* _Required work_: Without pictures, repeat the lines of the entries from the one containing "USED FANUC A16B-1310-0530/20E" through the last, both ends included, and nothing else.

* _Data supplied_:
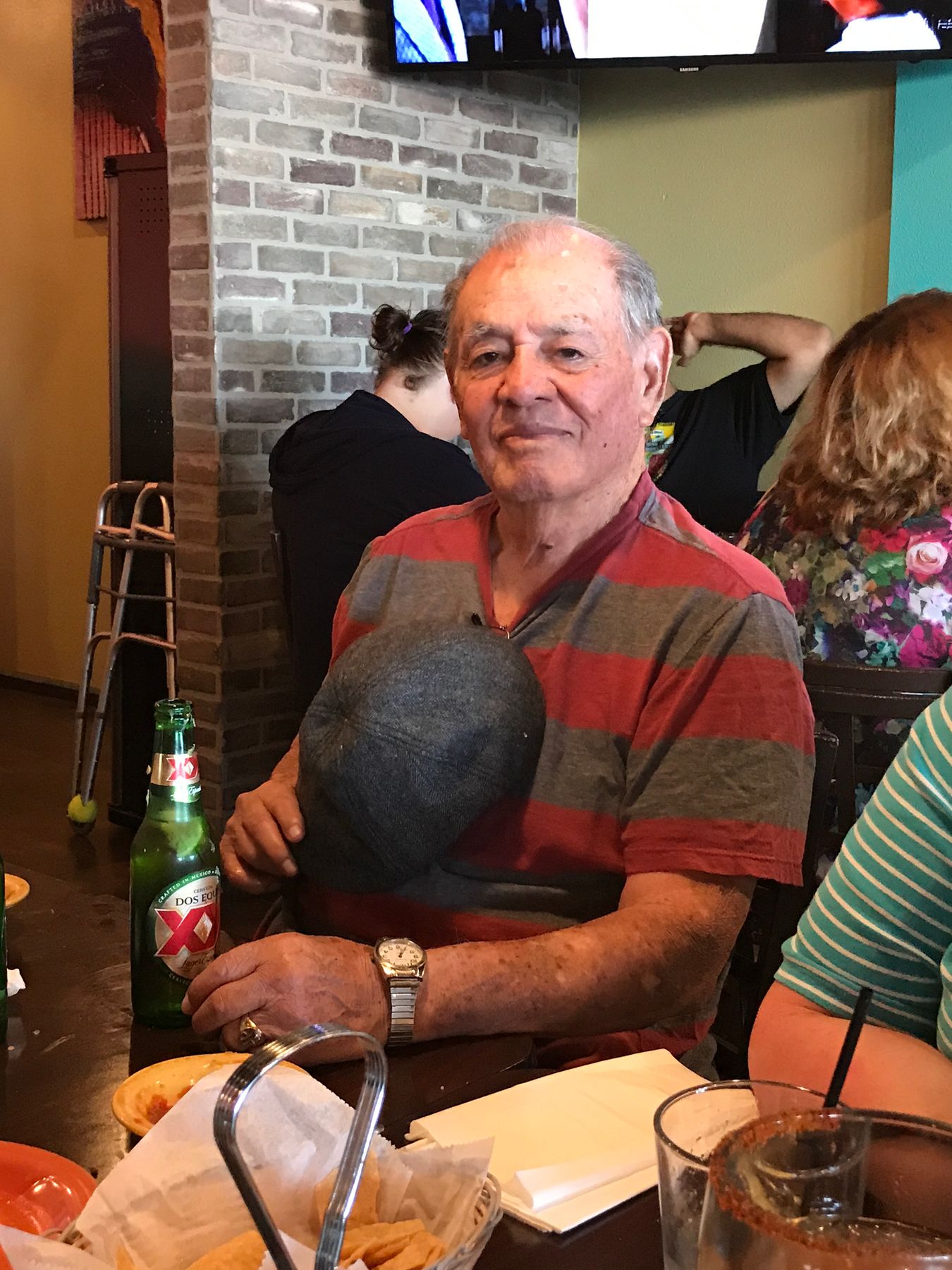 Obituary of Benjamin Torres Jr.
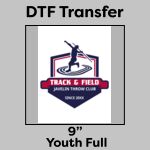 DTF Transfer 9" Thumbnail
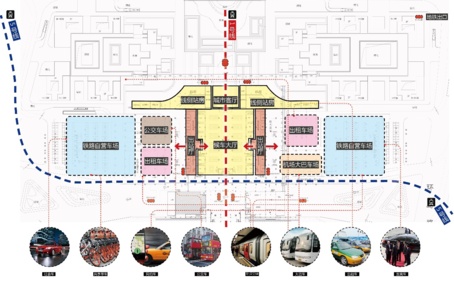 福州火车南站扩建设计方案确定 将成全国第二大火车站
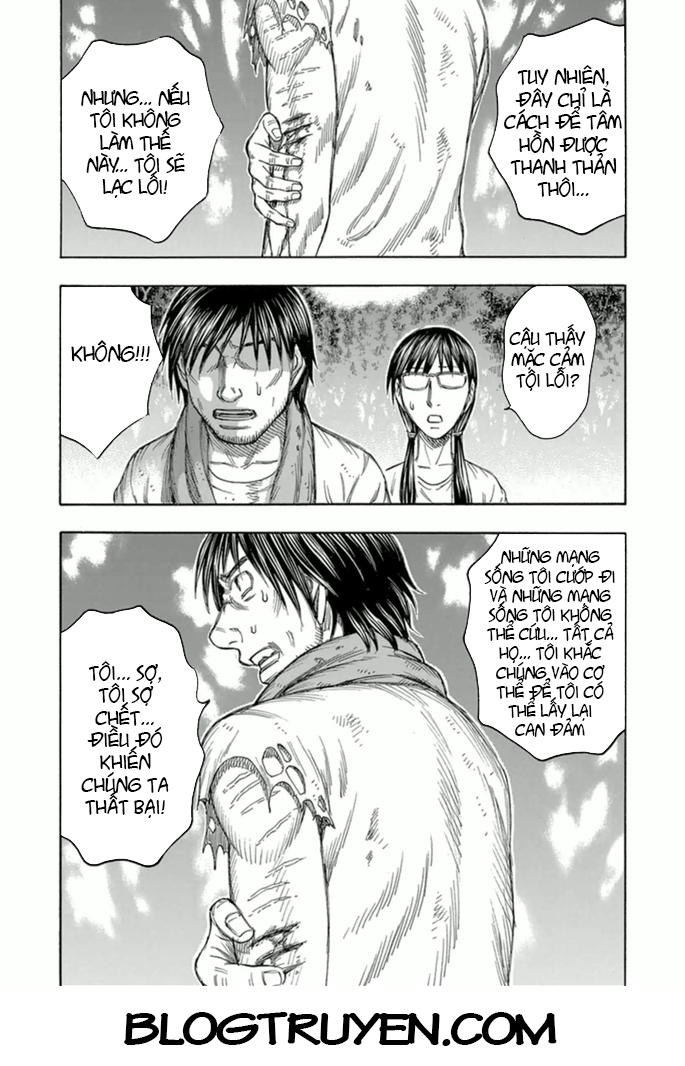 Suicide Island Chap 93 - Next Chap 94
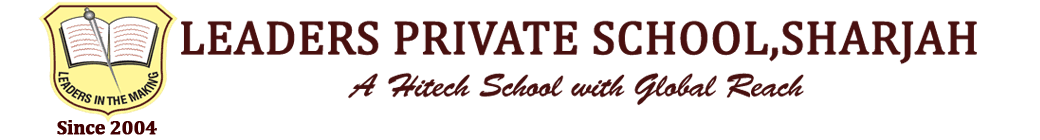 Leaders Private School, Sharjah logo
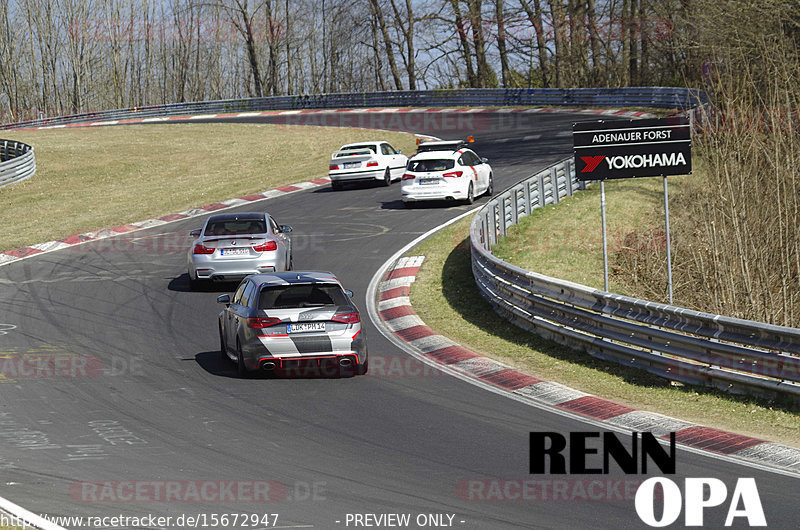 Bild #15672947 - Touristenfahrten Nürburgring Nordschleife (27.03.2022)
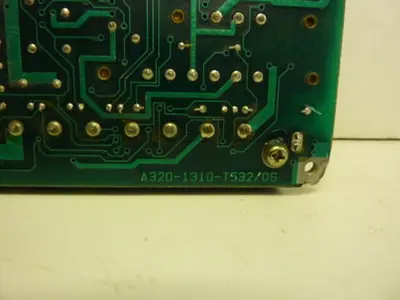 USED FANUC A16B-1310-0530/20E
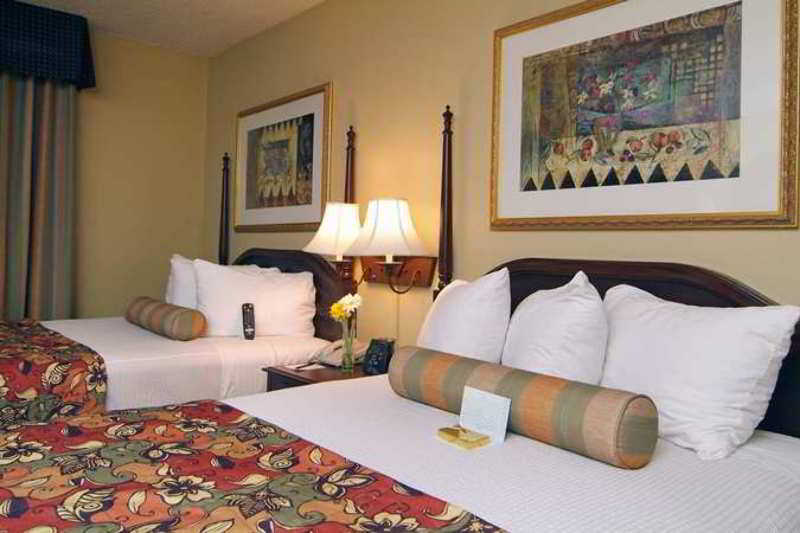 Embassy Suites Baton Rouge Szoba fotó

* _Written response_:
 USED FANUC A16B-1310-0530/20E
 Embassy Suites Baton Rouge Szoba fotó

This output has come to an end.